Stalker, From Cartonia to Kurdistan Square, Workshop, 1999 (Photo: Romolo Ottaviani, Stalker Archive)

How can trespassing, radical hospitality and a proactive scepticism towards architectural education transform urban spaces and shape how a city is perceived? One possible answer is provided by my new article, ‘Climbing Over, Stepping Across: Transgression as a Lived Alternative in the Practice of Stalker‘.

In this chapter, I analyse the work of the Roman art and architecture collective Stalker. I examine how their approach to walking, trespassing and collaborating with marginalised groups constitute transgressive acts, offering an alternative approach to living and designing cities. Drawing on the work of Michel de Certeau, Georges Bataille, and Gloria Anzaldúa, the chapter contextualises Stalker’s practices within broader discourses of boundaries, taboos, and hospitality.

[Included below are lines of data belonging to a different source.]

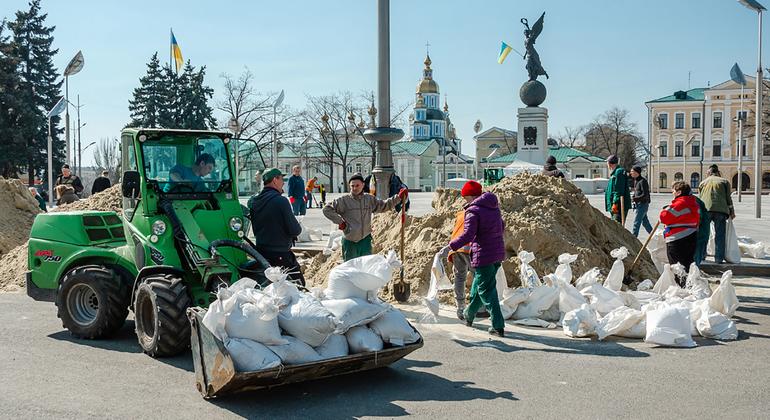 На фото: харьковчане обкладывают памятники мешками с песком. 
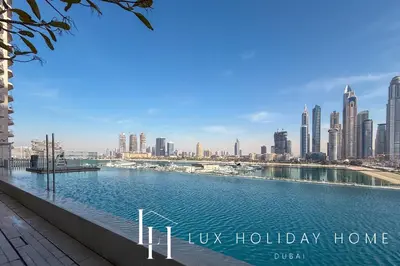 a view of a city skyline with a body of water at LUX The Luxury Sunrise Beachfront Suite 2 in Dubai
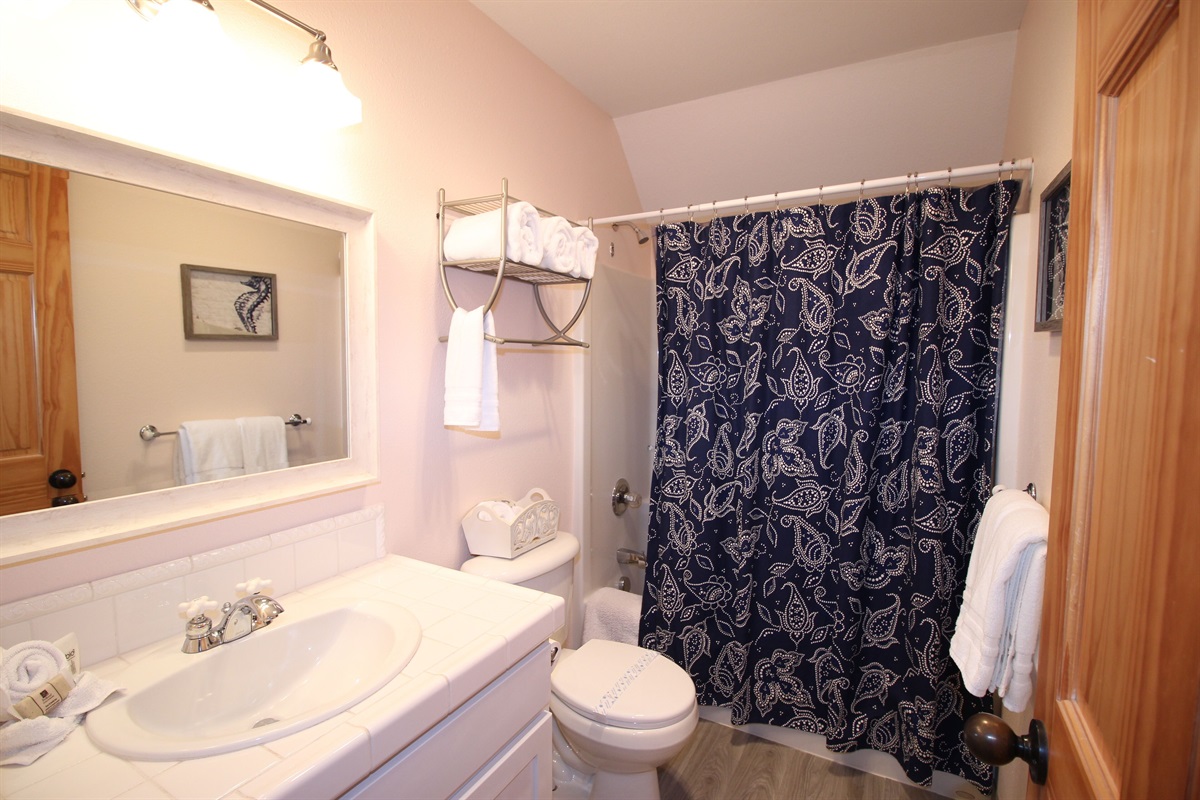 Enjoy easy access to a shared bath, designed for comfort and convenience.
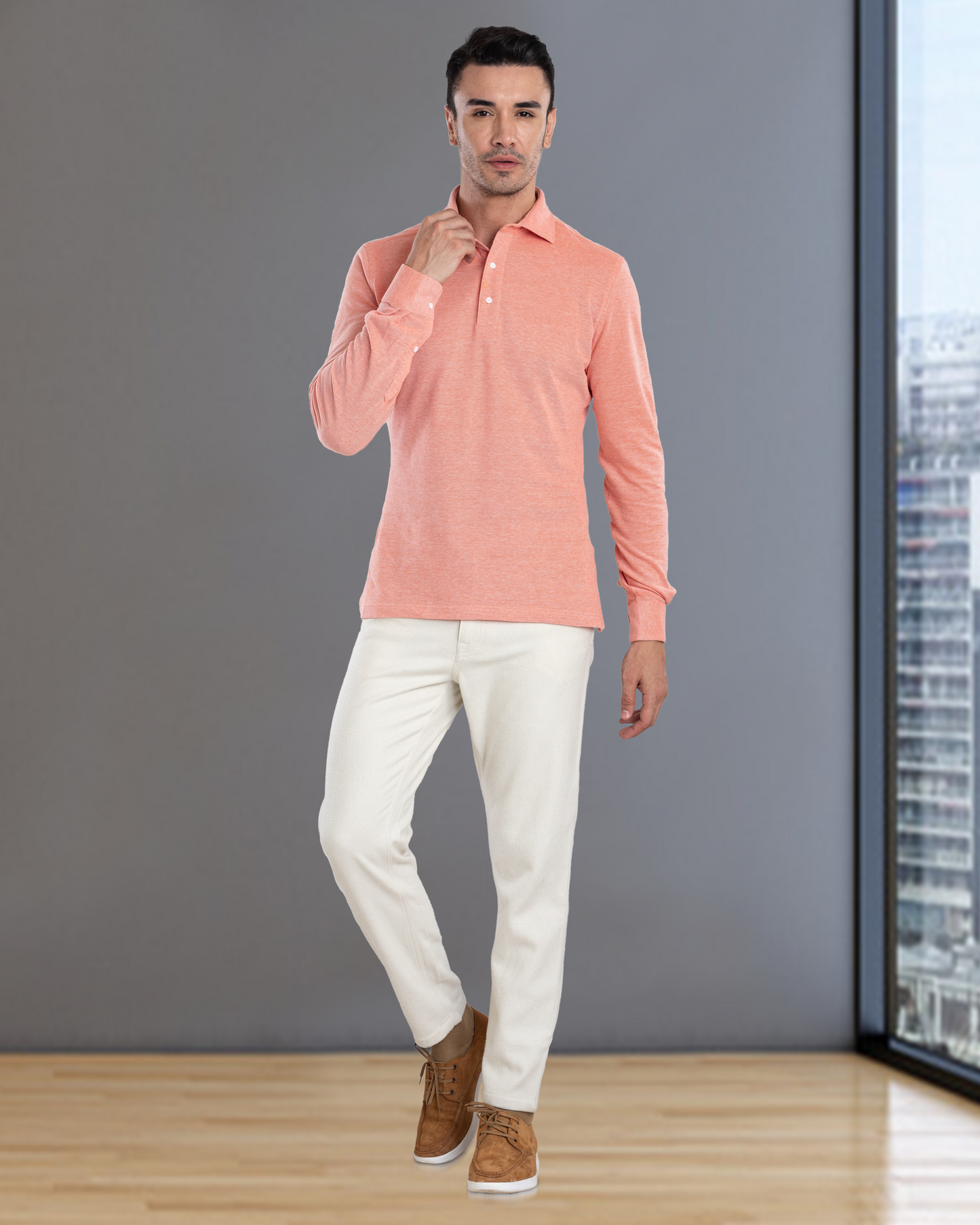 Front of model wearing the custom oxford polo shirt for men by Luxire in orange white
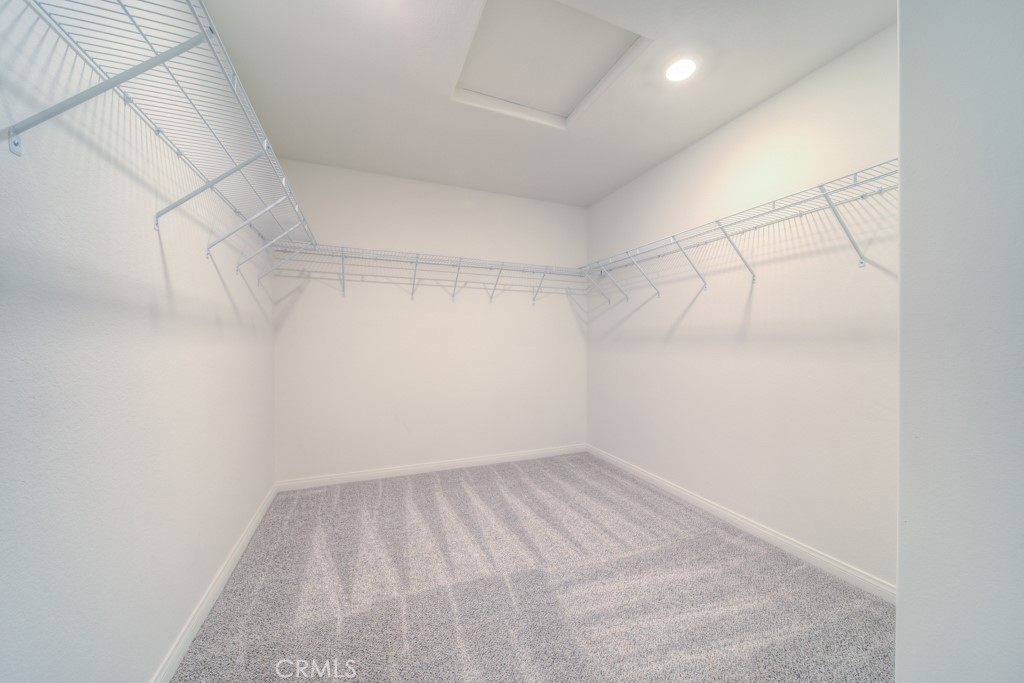 9596 Trailhead Lane Moreno Valley, CA 92557 - Photo 46 of 67 a view of a room with racks on the wall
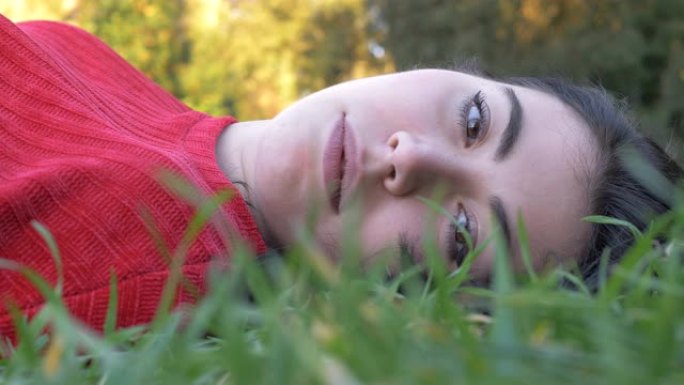 梦见美丽的年轻女子躺在草地上，睁开眼睛，看着相机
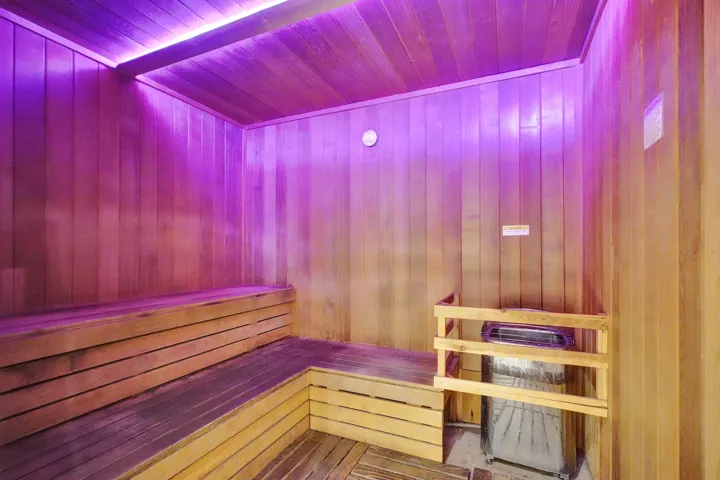 Wood-paneled interior featuring built-in wood benches and a floor-mounted heating unit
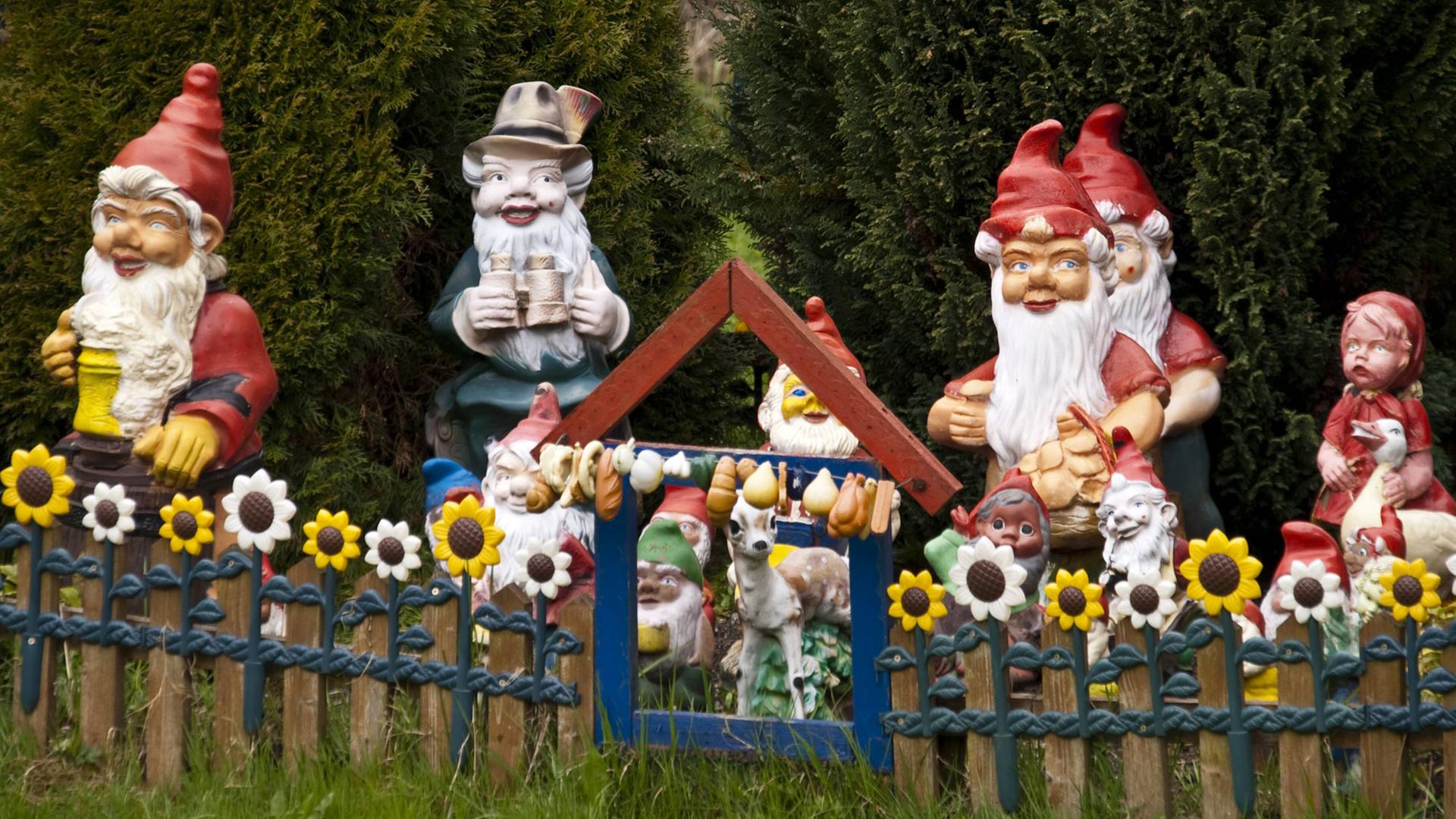 Gartenzwerge aufgereiht hinter einem niedrigen Gartenzaun Gartenzwerge aufgereiht hinter einem niedrigen Gartenzaun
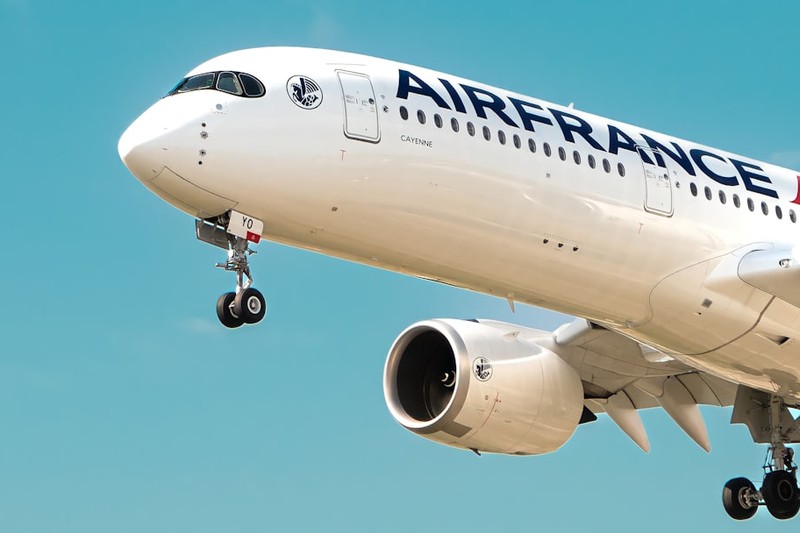 An Air France wide-body jet flying through a clear blue sky with landing gear extended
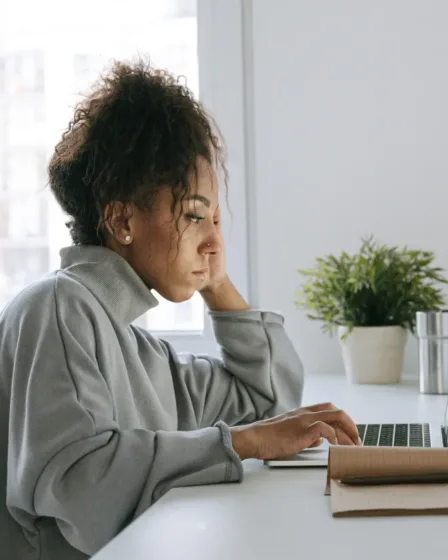 (zwarte) vrouw zit achter de laptop en denkt na over het aflossen van haar studieschuld want ze wil een hypotheek aanvragen.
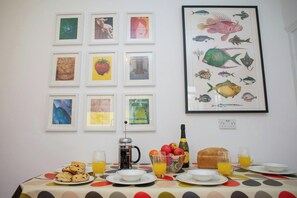 A breakfast table with various food items and drinks, a coffee pot, and a large fish illustration on the wall.
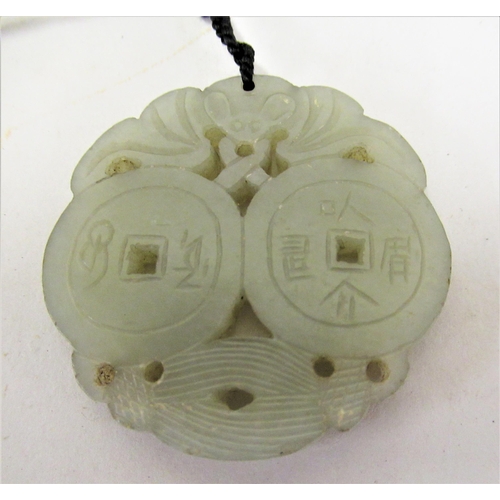 227 - Chinese green stone carved pierced pendant on cord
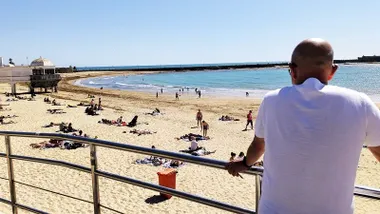 Un hombre observa la playa de la Caleta con numerosas personas tomando el sol en la tarde de este 22 de abril.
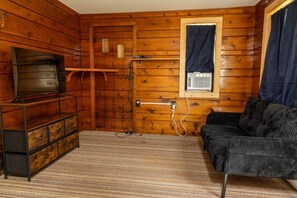 Ein Holzhäuschen-Interieur mit einem Fernseher auf einem Standfuß, einer Couch und einem Fenster mit Vorhängen.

I argue that Stalker’s work demonstrates how transgression can be a transformative, albeit transient and unstable, approach, generating alternative spatial conceptions and collective experiences that challenge architectural education, urban planning and social exclusion.

This chapter features in the book Transgression in the Architectures of After-Modernity: A Paradigm at Work in Times of Crises, edited by Carmen Popescu and published by Leuven University Press.